** TASK STATEMENT **
Print out each entry below in full, exactly as given, excluding pictures.

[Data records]
__________

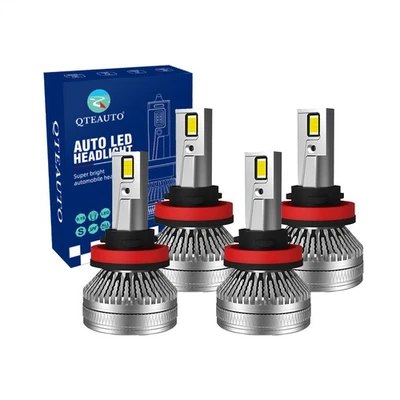 Luz antiniebla LED de haz bajo 4 H8/H9/H11 12 V para Mitsubishi I-Miev 2012 2014 2016 2017 Foto 1 de 4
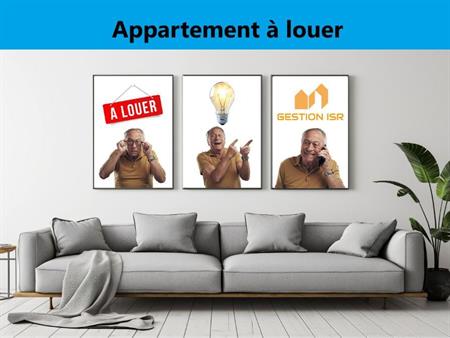 Plus de 50 appartements disponibles !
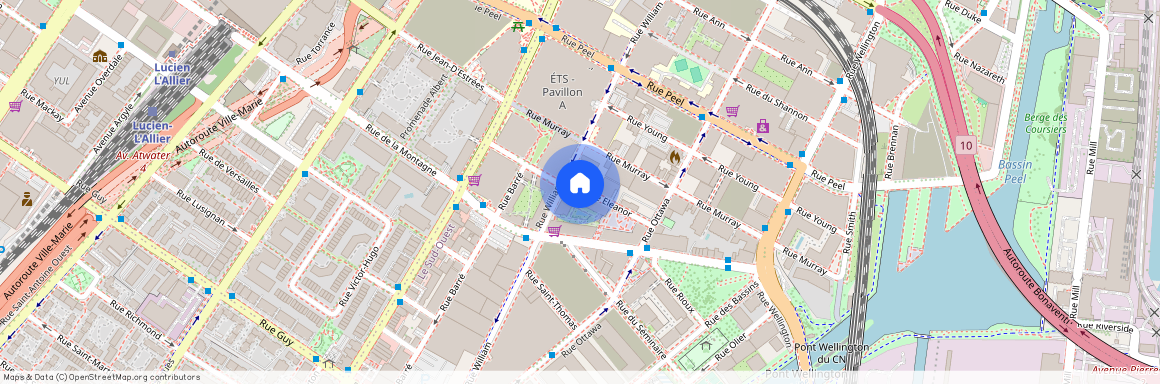 Rue Eleanor, H3C 0T5, Montréal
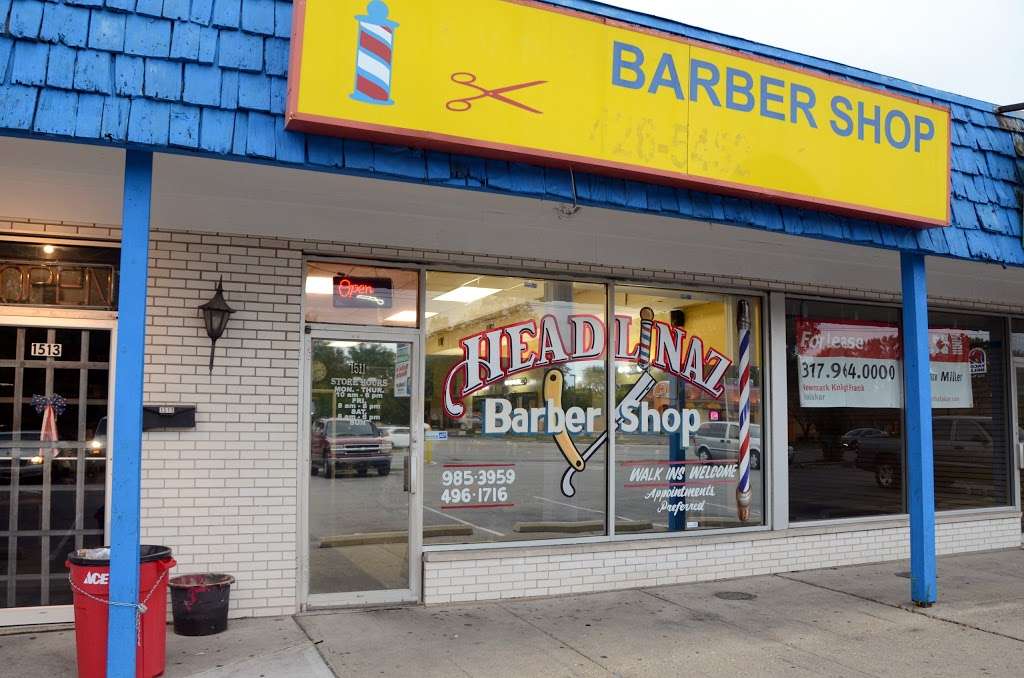 Headlinaz Barbershop | 1511 N Arlington Ave, Indianapolis, IN 46219, USA | Phone: (317) 985-3959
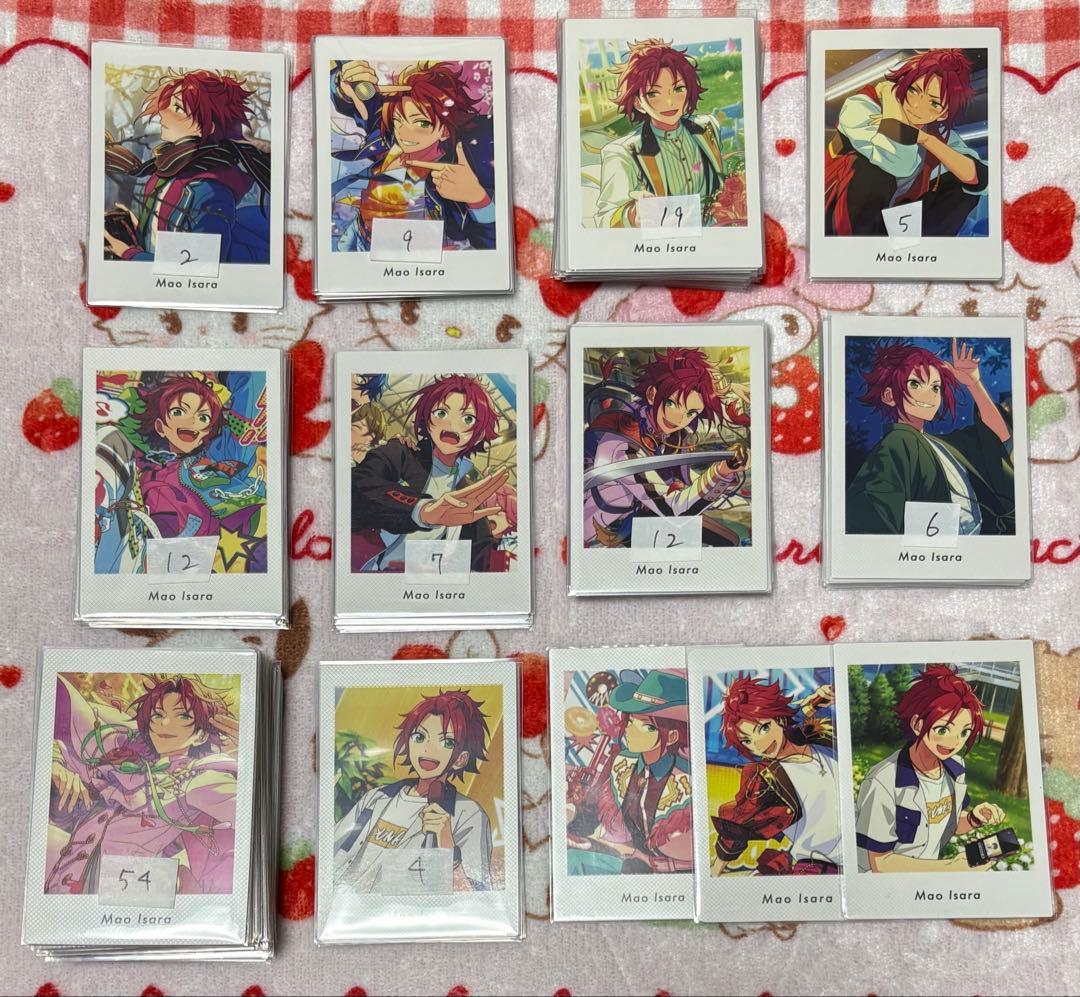 あんスタ ぱしゃっつ P.A.shots!! まとめ売り 133点 衣更真緒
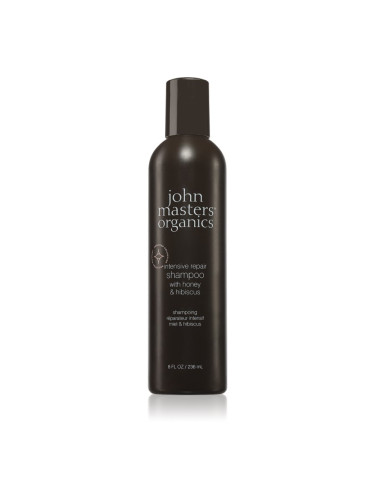 John Masters Organics Intensive Repair възстановяващ шампоан за увредена коса 236 мл.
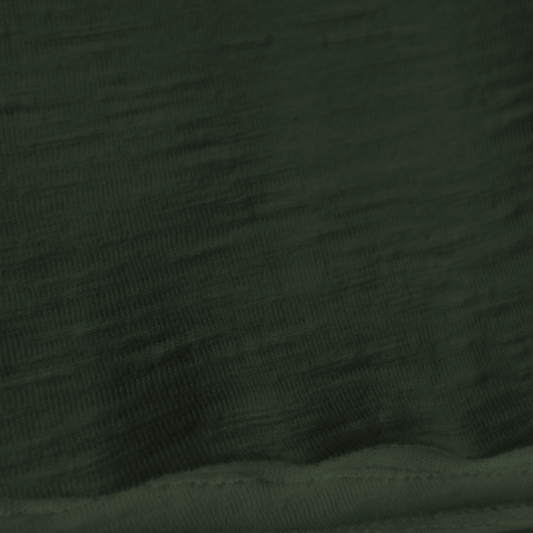 American Milled | Duck Green | SLUB Jersey (BY THE HALF YARD)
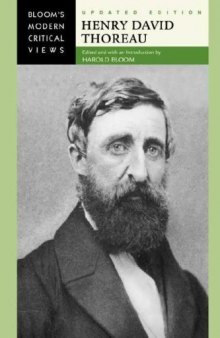 Henry David Thoreau (Bloom's Modern Critical Views), Updated Edition
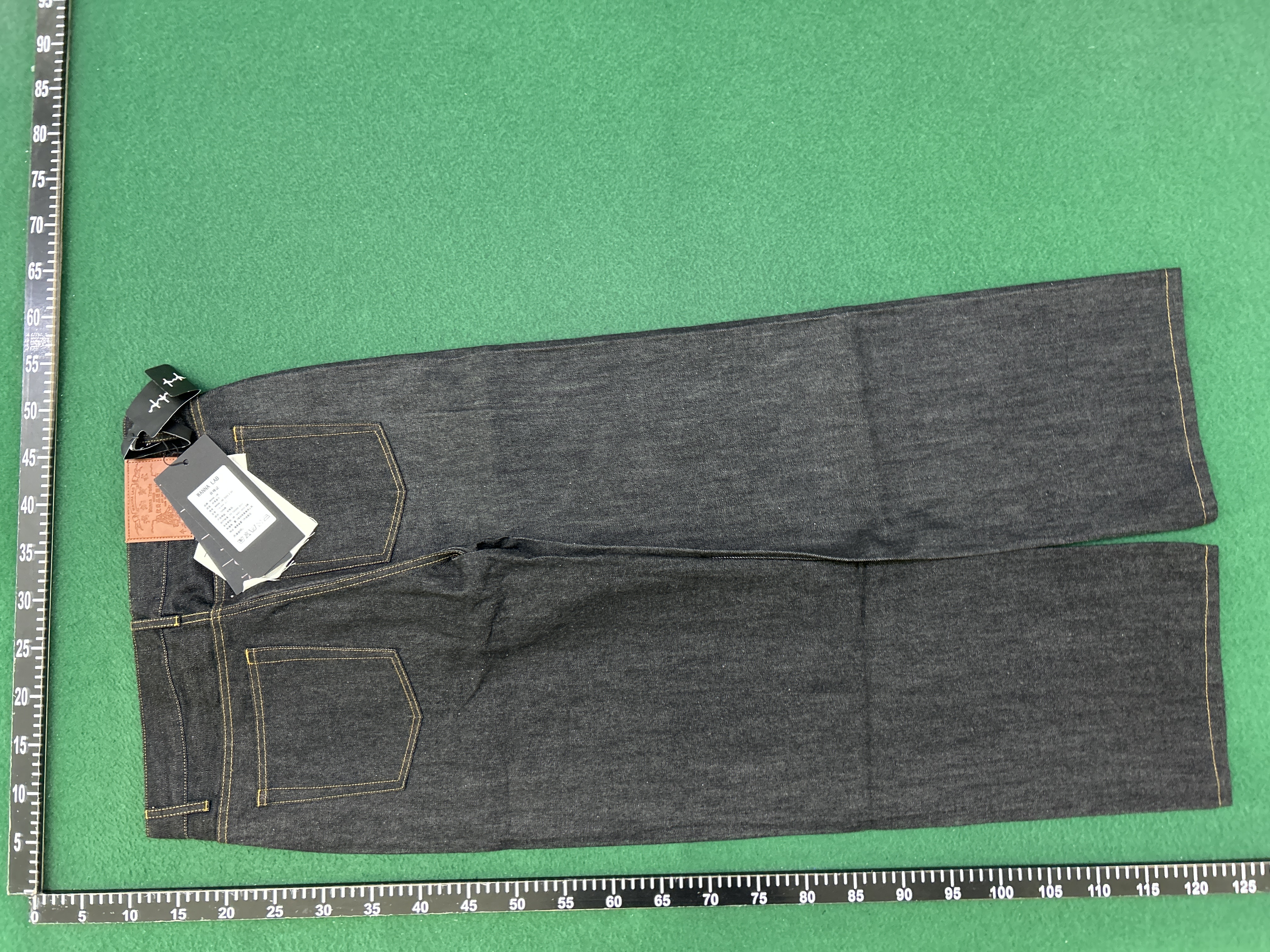 QC Photo - WANNA LAB 14oz Raw Denim Jeans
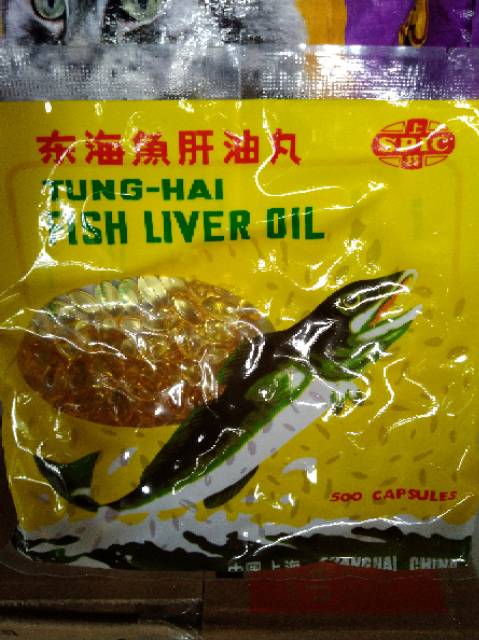 Vitamin Kucing Anjing  FISH LIVER OIL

__________

** SOLVED EXERCISE **
 Luz antiniebla LED de haz bajo 4 H8/H9/H11 12 V para Mitsubishi I-Miev 2012 2014 2016 2017 Foto 1 de 4
 Plus de 50 appartements disponibles !
 Rue Eleanor, H3C 0T5, Montréal
 Headlinaz Barbershop | 1511 N Arlington Ave, Indianapolis, IN 46219, USA | Phone: (317) 985-3959
 あんスタ ぱしゃっつ P.A.shots!! まとめ売り 133点 衣更真緒
 John Masters Organics Intensive Repair възстановяващ шампоан за увредена коса 236 мл.
 American Milled | Duck Green | SLUB Jersey (BY THE HALF YARD)
 Henry David Thoreau (Bloom's Modern Critical Views), Updated Edition
 QC Photo - WANNA LAB 14oz Raw Denim Jeans
 Vitamin Kucing Anjing  FISH LIVER OIL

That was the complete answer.